*What this task involves*:
Each line of data below must be printed exactly as written, with any pictures removed.

*Data*:

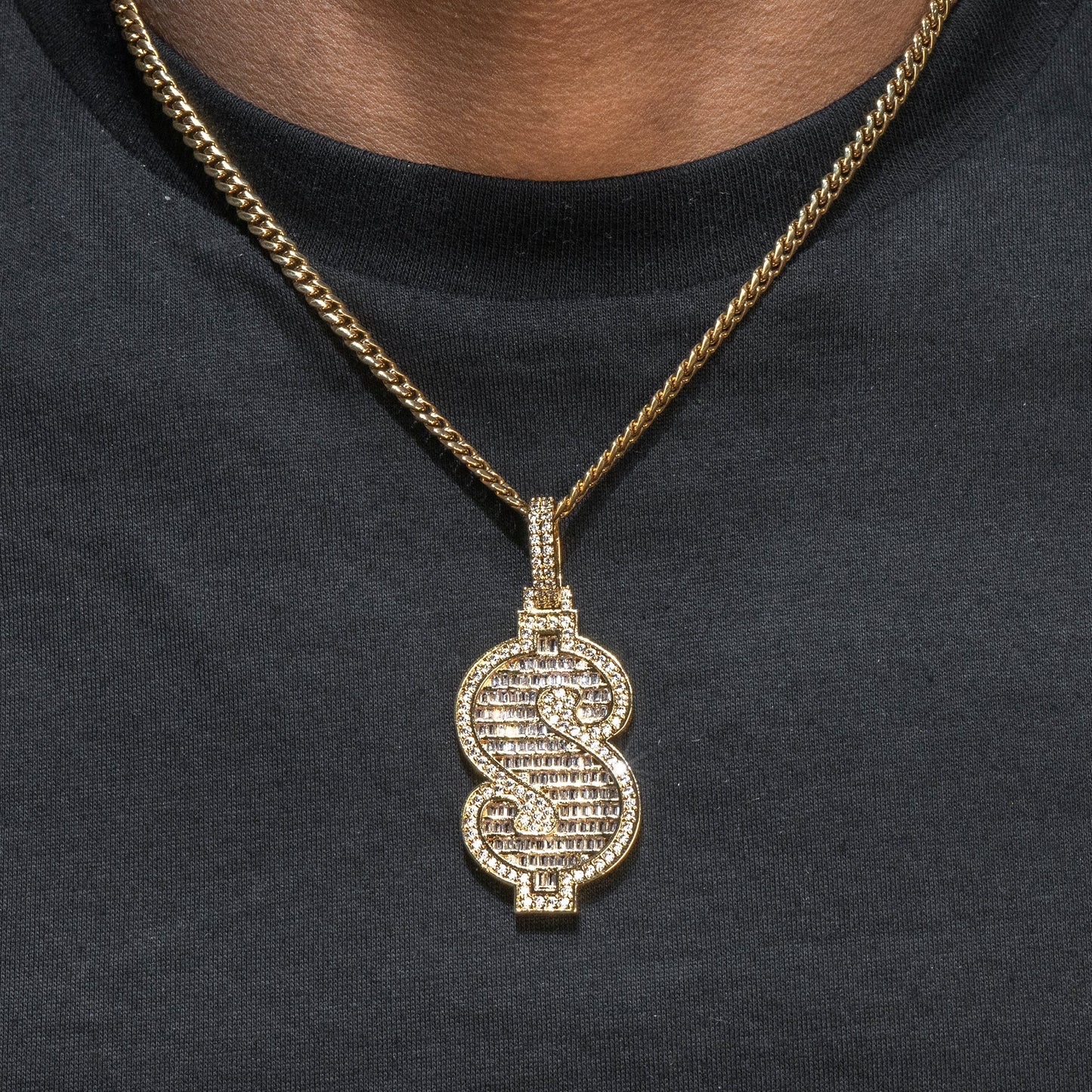Mens Jewelry -  Gold Iced Out VVS Money Necklace | Appx. 21.2 Grams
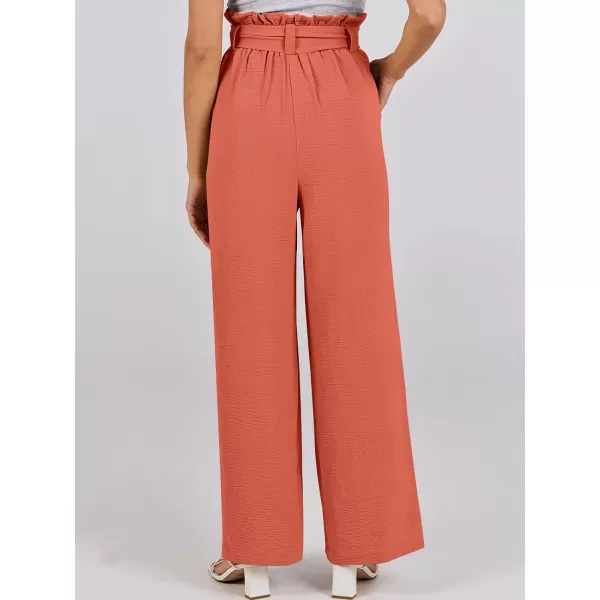imageANRABESS Womens Wide Leg Palazzo Pants Belted High Waisted Business Casual Long Trousers with PocketsOrange Red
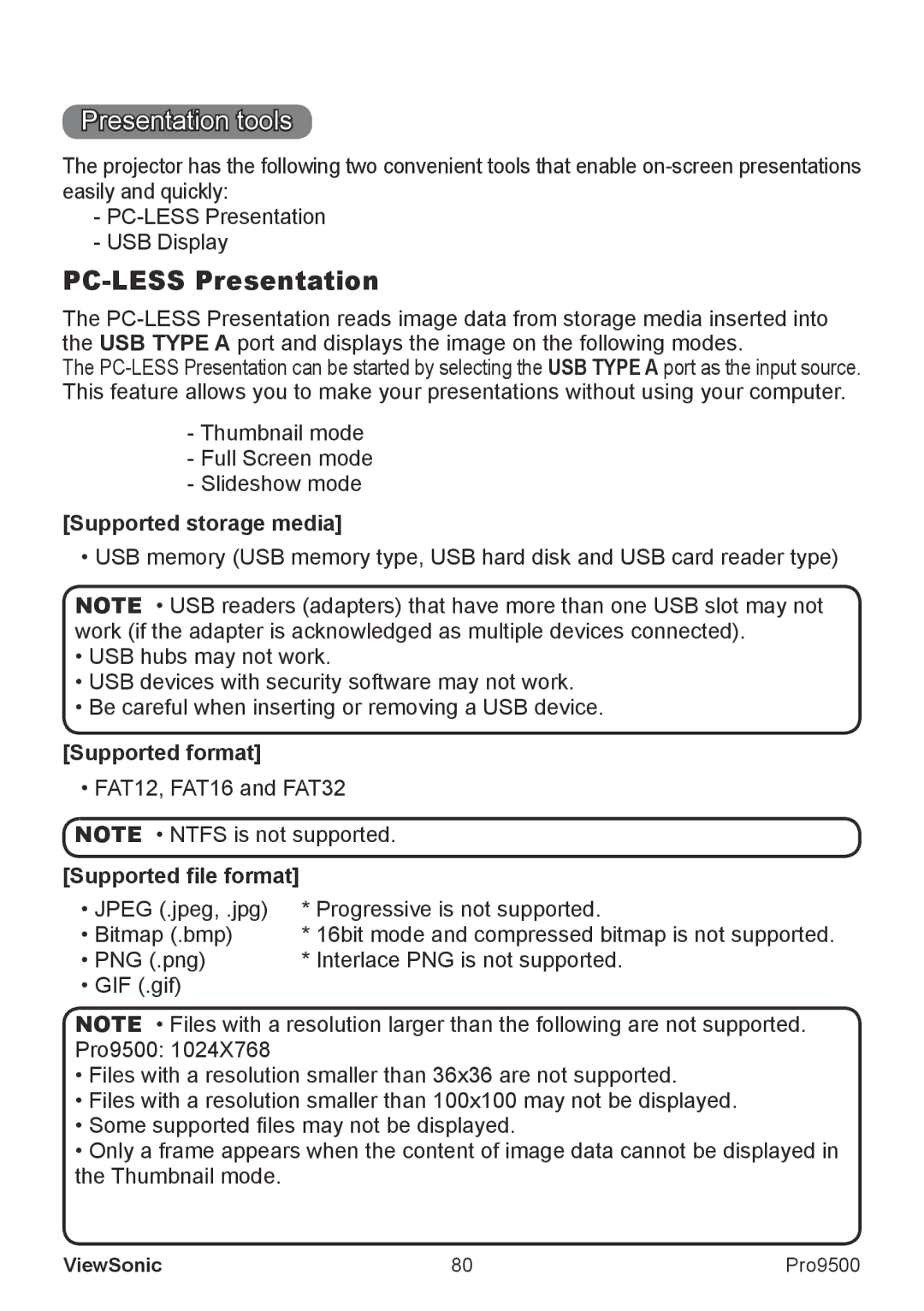 ViewSonic VS13835 warranty Presentation tools, PC-LESS Presentation, Supported storage media, Supported format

*Answer section*:
Mens Jewelry -  Gold Iced Out VVS Money Necklace | Appx. 21.2 Grams
imageANRABESS Womens Wide Leg Palazzo Pants Belted High Waisted Business Casual Long Trousers with PocketsOrange Red
 ViewSonic VS13835 warranty Presentation tools, PC-LESS Presentation, Supported storage media, Supported format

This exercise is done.